The first step of the plan is passing a Massachusetts bill to create an emergency task force to evaluate the need for clean electricity and look at what legislation is necessary to make it happen, Altemose said.
“It has been really exciting to follow along with [the bill] especially since you can see the bill moving through the different committees. It shows the work that you’re doing is making a difference because you can see it moving through those very small steps,” said Veronica Gassert, Northeastern University campaign coordinator.
A step back occurred when the bill did not make it to a hearing in the Joint Committee of Telecommunication, Energy and Utility scheduled for February 24, said state communications coordinator Jonathan Rosenthal, a freshman at Harvard University. This was because it has not yet made it through the House Committee on Rules, he said.
“The bill should not be too difficult to get passed because it doesn’t cost the state a cent, but nonetheless we have been facing the bureaucratic state policies,” said Rosenthal.
The campaign has two major partners, Students for a Just and Stable Future, and the Massachusetts Council of Churches, as well as many other sponsors, said Altemose.
The religious community became more involved over the summer, Altemose said, when Massachusetts Climate Summer students traveled the state on bicycles raising awareness about the climate crisis and churches provided spaces for them to sleep.
Students involved in the Leadership Campaign are used to looking for spaces to sleep – they routinely hold “sleep-outs” where members pitch tents, bring sleeping bags, and sleep outside on public places like the Boston Common and Amherst Common.
“Sleeping out acts as a dual system of refusing to sleep in dorms and apartments powered by electricity and serves as an act of solidarity with the millions of people in the world who have been and will be affected by global climatic disruption,” said Rosenthal.
They took the name of the sleep-outs from the sit-ins held during the Civil Rights Movement, said Rosenthal.
“Direct action is a core feature of any social movement,” said Rosenthal. It’s using our bodies as the most basic tool we have to fight the status quo.”
The “status quo” has fought back against the sleep-outs, however. When the group slept out weekly in Boston Common last fall, they were cited for trespassing.
“We were woken up every night in the middle of the night by police cars coming into Boston Common, ” said Rosenthal.
Veronica Gassert attended a sleep-out at Boston Common this past fall where she received a citation from the Boston Police for being on the common past 11 p.m., when it closes.
She said that the National Lawyers Guild worked with the Leadership Campaign to negotiate a deal in court. Sleep-out attendees went to a hearing, where they were ordered to pay a $50 fine per citation, Gassert said.

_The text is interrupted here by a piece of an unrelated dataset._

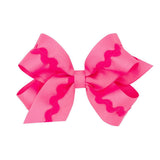Medium Grosgrain Bow w/ Ric Rac - Hot Pink Kids Hair Accessories Wee Ones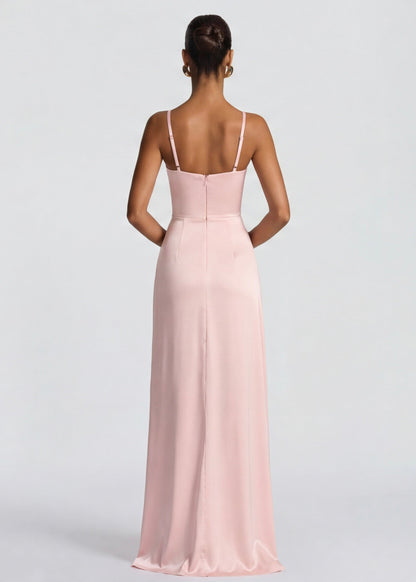 VESTIDO LARGO SATINADO CON ABERTURA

If the bill for the emergency task force is not passed before Earth Day, April 22, then they plan to sleep-out on Boston Common again and face more serious, possibly criminal charges, Rosenthal said.
But, like for many youth, compromise is not an option.
“I’m sure we will hear a lot about compromise in the coming years, that we need to make our goals more reasonable,” said Rosenthal. “But there cannot be any negotiation, we have to do what is necessary at this point. Physics and chemistry do not compromise.”